There is no quick fix solution, but I still think it a mighty good thing to do something, whether it is goofy or seems insignificant, to show someone you are worried about, that you wish there was something you could give to take away their pain. But more than anything, to show you care, you might not truly understand, but you care.
It’s clear that the chap below cared and did something for someone he cared about:
I have had one major challenge to deal with myself…as I have referred to in some posts. I feel a million times better now I have had a chance to distance myself from that situation for some time. The pain is there but I am winning!
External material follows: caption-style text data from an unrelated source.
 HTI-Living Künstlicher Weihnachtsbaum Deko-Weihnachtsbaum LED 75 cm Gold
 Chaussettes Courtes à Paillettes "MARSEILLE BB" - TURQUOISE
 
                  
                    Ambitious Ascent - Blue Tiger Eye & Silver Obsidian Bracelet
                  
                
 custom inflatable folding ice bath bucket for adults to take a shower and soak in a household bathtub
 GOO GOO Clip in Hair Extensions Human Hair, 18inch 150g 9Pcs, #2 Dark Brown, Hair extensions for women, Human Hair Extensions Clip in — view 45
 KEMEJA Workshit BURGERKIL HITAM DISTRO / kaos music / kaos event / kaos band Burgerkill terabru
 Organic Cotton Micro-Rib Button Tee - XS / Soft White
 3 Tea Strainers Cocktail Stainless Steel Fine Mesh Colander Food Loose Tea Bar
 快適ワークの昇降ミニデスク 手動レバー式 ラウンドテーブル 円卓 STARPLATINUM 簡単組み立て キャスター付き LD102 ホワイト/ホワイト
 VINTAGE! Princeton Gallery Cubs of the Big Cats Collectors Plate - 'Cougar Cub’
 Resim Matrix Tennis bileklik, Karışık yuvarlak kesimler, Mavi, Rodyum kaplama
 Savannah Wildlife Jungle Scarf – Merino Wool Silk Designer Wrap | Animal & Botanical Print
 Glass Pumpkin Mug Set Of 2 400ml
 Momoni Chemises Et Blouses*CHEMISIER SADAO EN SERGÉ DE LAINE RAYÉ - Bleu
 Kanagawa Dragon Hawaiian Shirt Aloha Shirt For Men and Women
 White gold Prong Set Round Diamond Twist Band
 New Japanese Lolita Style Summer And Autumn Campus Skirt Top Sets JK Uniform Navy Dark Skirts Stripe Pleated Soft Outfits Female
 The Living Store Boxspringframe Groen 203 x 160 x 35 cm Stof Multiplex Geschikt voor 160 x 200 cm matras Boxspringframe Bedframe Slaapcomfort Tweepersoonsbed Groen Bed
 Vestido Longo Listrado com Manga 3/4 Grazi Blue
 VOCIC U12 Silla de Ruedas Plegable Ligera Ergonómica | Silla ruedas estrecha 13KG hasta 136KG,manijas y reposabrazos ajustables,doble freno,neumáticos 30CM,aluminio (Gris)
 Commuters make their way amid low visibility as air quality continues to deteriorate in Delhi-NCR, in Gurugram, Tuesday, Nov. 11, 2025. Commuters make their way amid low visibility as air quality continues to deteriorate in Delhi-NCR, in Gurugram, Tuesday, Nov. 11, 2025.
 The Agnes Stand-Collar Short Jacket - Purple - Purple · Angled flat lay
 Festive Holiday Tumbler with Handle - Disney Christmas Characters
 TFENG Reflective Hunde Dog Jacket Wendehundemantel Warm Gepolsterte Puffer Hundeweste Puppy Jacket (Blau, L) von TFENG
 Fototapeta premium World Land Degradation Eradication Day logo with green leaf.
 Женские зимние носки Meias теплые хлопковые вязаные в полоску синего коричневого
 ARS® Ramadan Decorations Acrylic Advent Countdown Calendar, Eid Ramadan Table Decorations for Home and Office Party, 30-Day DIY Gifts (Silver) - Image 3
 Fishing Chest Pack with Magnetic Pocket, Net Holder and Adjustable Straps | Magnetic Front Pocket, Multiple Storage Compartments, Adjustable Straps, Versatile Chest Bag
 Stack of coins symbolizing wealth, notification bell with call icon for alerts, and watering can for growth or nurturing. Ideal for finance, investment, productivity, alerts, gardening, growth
I made a dreadful mistake, I didn’t know how harmful it was to bottle up all the hurt that situation was causing me and try to deal with it on my own. In my case, it was the drip drip effect of constant taunting for over two years and then the animosity of one person, that intensified during the year before I was the victim of a crime. It wore me down, to the point I made at least one unwise decision and put myself in danger.
I have said it before and I will say it again, what happened to me in the park has not really been so hard to get over. It’s there, but it is in a box with the lid firmly sealed tight shut and I keep that box on the very top shelf. I do feel as if I have conquered that threat to my peace of mind and joyful disposition. The other challenge…it has not been so easy.
I am very grateful for all of the little tiny somethings that others did. Nobody could undo what had happened to me. At the time there was certainly no way I was going to just wake up and forget everything that was hurting and “get over it” with the click of my fingers. I was not always able to cope with visitors or anything that excited or tired me too much. But all those little somethings from others mean so much to me!